Mais « ce ne sont pas ces quatre jours qui suffisent, ils doivent être formés tout au long de l’année », insiste Guislaine David. « Pour ça, il faut les retirer de leur classe. Mais qui va les remplacer? »
Interrogé par BFMTV.com, le ministère de l’Éducation nationale met en avant un « arsenal » de formations, « en présentiel » ou « à distance », « en début » ou « tout au long de l’année ». Rue de Grenelle, on cite les écoles académiques de formation continue – une nouveauté depuis cette année – qui « pilotent l’ensemble des formations des personnels du premier et du second degré » ainsi que celles de Réseau canopé, le réseau de formation des enseignants.
« Toutes les académies proposent des formations », affirme-t-on encore. Le ministère indique d’ailleurs que les contractuels du premier degré ont une obligation de formation de dix-huit heures. Autre dispositif: le « parcours magistère », une plateforme de formations à distance. « En tout, cela représente trente heures de formation socle, pouvant déboucher sur d’autres parcours complémentaires », précise-t-on.
Enfin dernier point: « l’accompagnement humain ». Soit la visite de conseillers pédagogiques (d’inspecteurs dans le second degré) et du tutorat « mis en place au niveau académique ou des établissements ». Si le ministère reconnaît que « ce n’est pas systématique » et que « le modèle n’est pas unique », il l’assure: « on a bien un accompagnement pédagogique régulier ».
« Je me sens livrée à moi-même »
Depuis la rentrée, Sana, évoquée au début de l’article, a ainsi reçu deux fois la visite d’un conseiller pédagogique, une troisième est programmée et sa période d’essai a été prolongée. Ce n’est pas le cas de Mathilde*, 50 ans, recrutée en juillet en tant que remplaçante dans l’académie d’Orléans-Tours après avoir travaillé dans l’édition. Elle n’a jusqu’ici reçu aucune visite du rectorat et se sent « livrée à elle-même ». « J’apprends sur le tas », confie-t-elle à BFMTV.com.
« Heureusement », dit-elle, qu’elle est titulaire d’un master Meef – le master dédié à la formation aux métiers de l’enseignement, de l’éducation et de la formation. Elle avait d’ailleurs passé cette année le CRPE (le concours de recrutement de professeur des écoles) mais était sur liste complémentaire.
« Je connais les programmes et je sais ce qu’il faut faire en classe. Mais je m’inquiète pour tous les contractuels pour qui ce n’est pas le cas et qui cherchent sur internet comment se former. »
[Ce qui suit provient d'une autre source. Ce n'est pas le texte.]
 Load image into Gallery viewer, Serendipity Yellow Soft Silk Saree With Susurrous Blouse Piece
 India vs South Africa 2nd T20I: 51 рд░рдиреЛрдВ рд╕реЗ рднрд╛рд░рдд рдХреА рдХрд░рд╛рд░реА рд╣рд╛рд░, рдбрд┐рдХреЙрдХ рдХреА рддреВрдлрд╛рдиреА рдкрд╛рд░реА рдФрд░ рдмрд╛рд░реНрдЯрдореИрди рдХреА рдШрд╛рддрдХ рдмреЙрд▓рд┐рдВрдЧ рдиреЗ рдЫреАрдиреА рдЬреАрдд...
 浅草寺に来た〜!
Pour certains de ces nouveaux enseignants, les premières heures de cours ont ainsi semblé moins complexes à gérer. Alexandre Piard, 28 ans, lui aussi titulaire d’un master Meef, a été recruté en début d’année par l’académie de Rennes comme professeur d’histoire-géographie. Lorsqu’il a pris son premier poste – trois classes, dont une de seconde, une de première et une de terminale – il ne partait en effet pas de zéro.
« Durant mon M2, j’ai fait cours dans une classe de 5e aux côtés de l’enseignante pendant huit mois », explique-t-il. « C’était très formateur, j’ai appris comment encadrer une classe, préparer ses cours et pratiquer devant les élèves. »
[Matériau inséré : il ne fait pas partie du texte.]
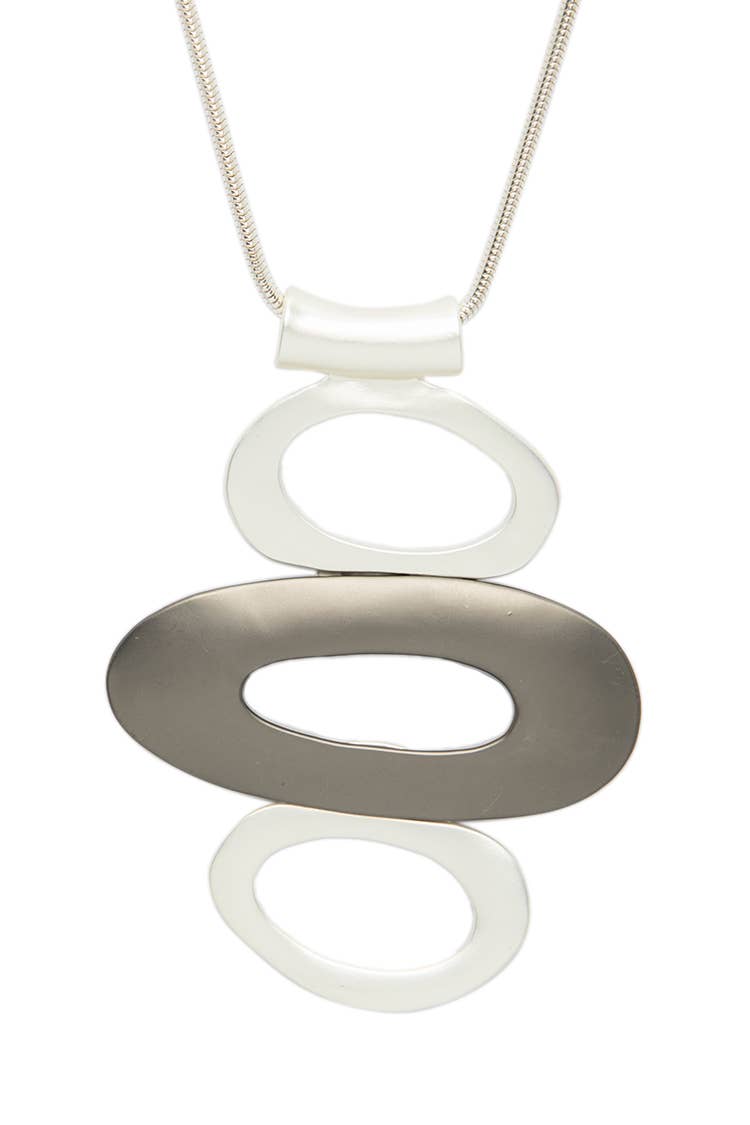 Blush Metal Organic Oval Pendant Necklace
Alors quand il a été nommé en lycée, Alexandre Piard ne se sentait pas en terrain inconnu. « J’ai évidemment dû préparer tous mes cours, ça a été beaucoup de travail et beaucoup de stress. Mais en classe, ça se passait bien. »
Vers un poste de titulaire pour certains?
Toutes ces difficultés n’empêchent donc pas certains de ces nouveaux contractuels de s’imaginer un avenir durable dans l’enseignement. Si Amélie reconnaît que le métier est difficile et comporte « toujours des imprévus » – sa classe compte un élève russophone et un autre présentant un trouble de l’attention – elle envisage de passer le concours pour s’installer dans la durée dans son nouveau poste.
Pap Ndiaye, le ministre de l’Éducation nationale, a en effet annoncé fin août la mise en place « d’un concours exceptionnel de titularisation » des enseignants contractuels. Mais il ne devrait pas s’adresser aux contractuels recrutés cette année.
*Les témoins interrogés ont souhaité conserver l’anonymat.